**WORK ORDER:**
Please keep the pictures out and write out exactly the lines from the first in the data below through the one containing "Surgical straight forceps extra gracile", both included.

(Stored items from a collection)
• • •

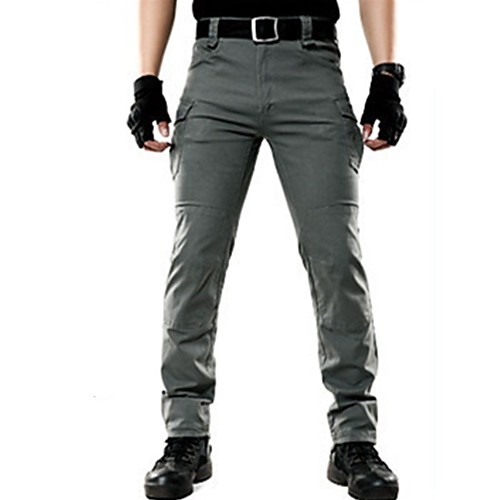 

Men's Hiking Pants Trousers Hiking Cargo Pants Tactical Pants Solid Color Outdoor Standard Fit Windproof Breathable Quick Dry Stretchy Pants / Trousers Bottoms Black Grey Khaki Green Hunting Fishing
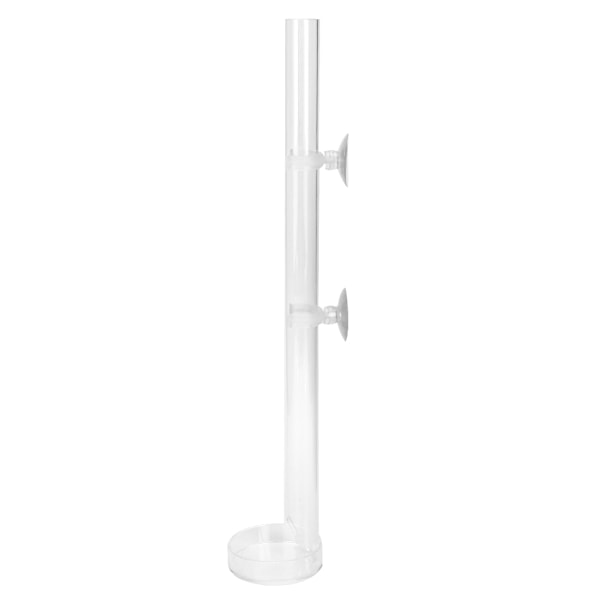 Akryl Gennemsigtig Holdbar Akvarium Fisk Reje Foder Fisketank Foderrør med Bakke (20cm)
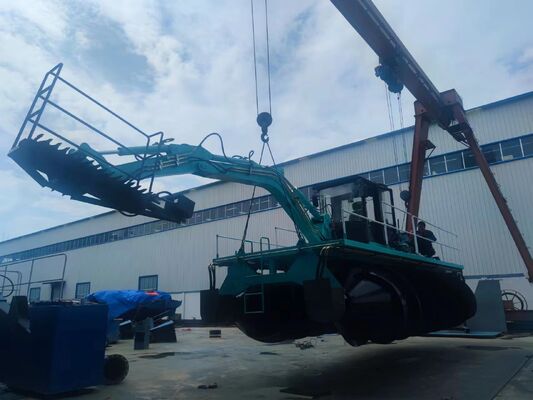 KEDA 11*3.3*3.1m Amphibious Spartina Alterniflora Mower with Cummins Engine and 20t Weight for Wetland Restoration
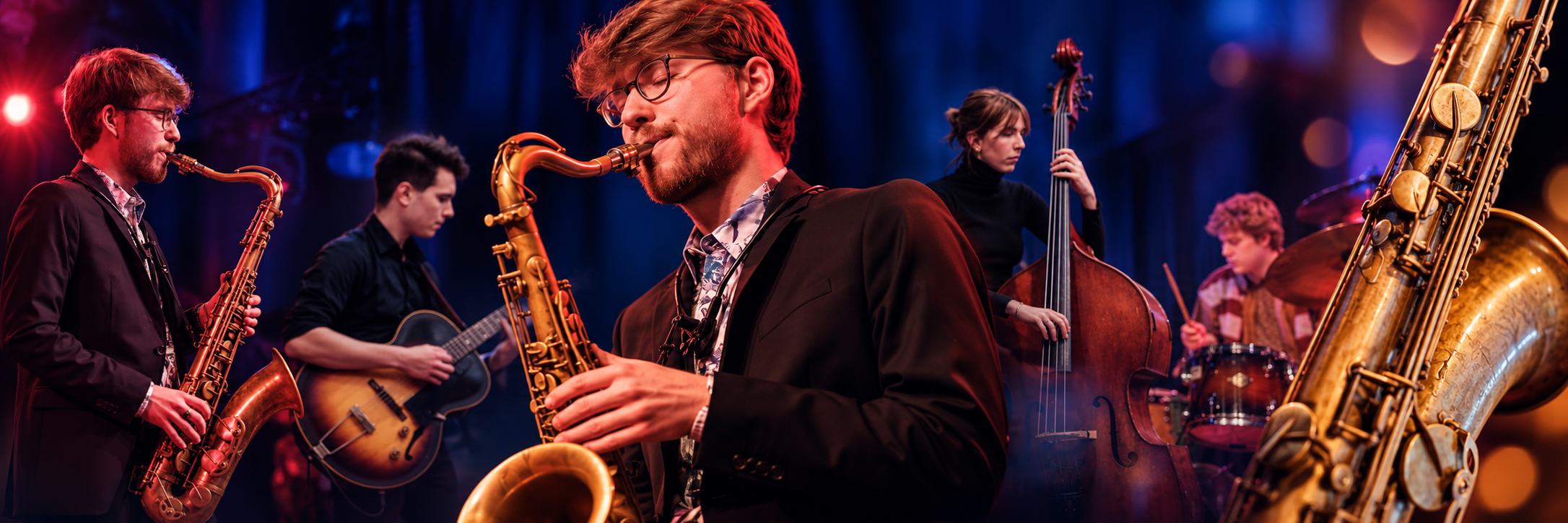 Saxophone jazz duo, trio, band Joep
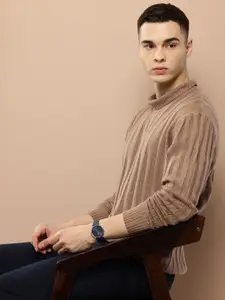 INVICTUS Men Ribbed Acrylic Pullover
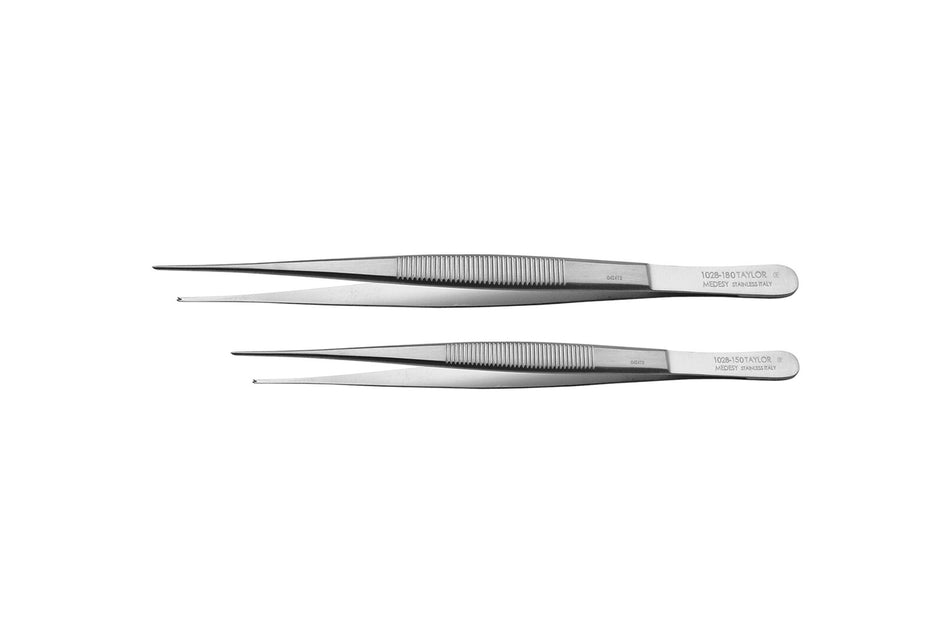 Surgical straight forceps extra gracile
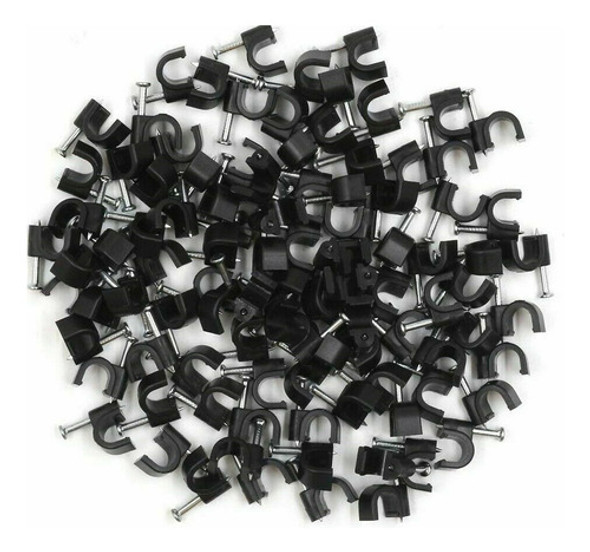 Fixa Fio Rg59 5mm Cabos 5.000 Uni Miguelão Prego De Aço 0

• • •

**TASK RESULT:**
Men's Hiking Pants Trousers Hiking Cargo Pants Tactical Pants Solid Color Outdoor Standard Fit Windproof Breathable Quick Dry Stretchy Pants / Trousers Bottoms Black Grey Khaki Green Hunting Fishing
 Akryl Gennemsigtig Holdbar Akvarium Fisk Reje Foder Fisketank Foderrør med Bakke (20cm)
 KEDA 11*3.3*3.1m Amphibious Spartina Alterniflora Mower with Cummins Engine and 20t Weight for Wetland Restoration
 Saxophone jazz duo, trio, band Joep
 INVICTUS Men Ribbed Acrylic Pullover
 Surgical straight forceps extra gracile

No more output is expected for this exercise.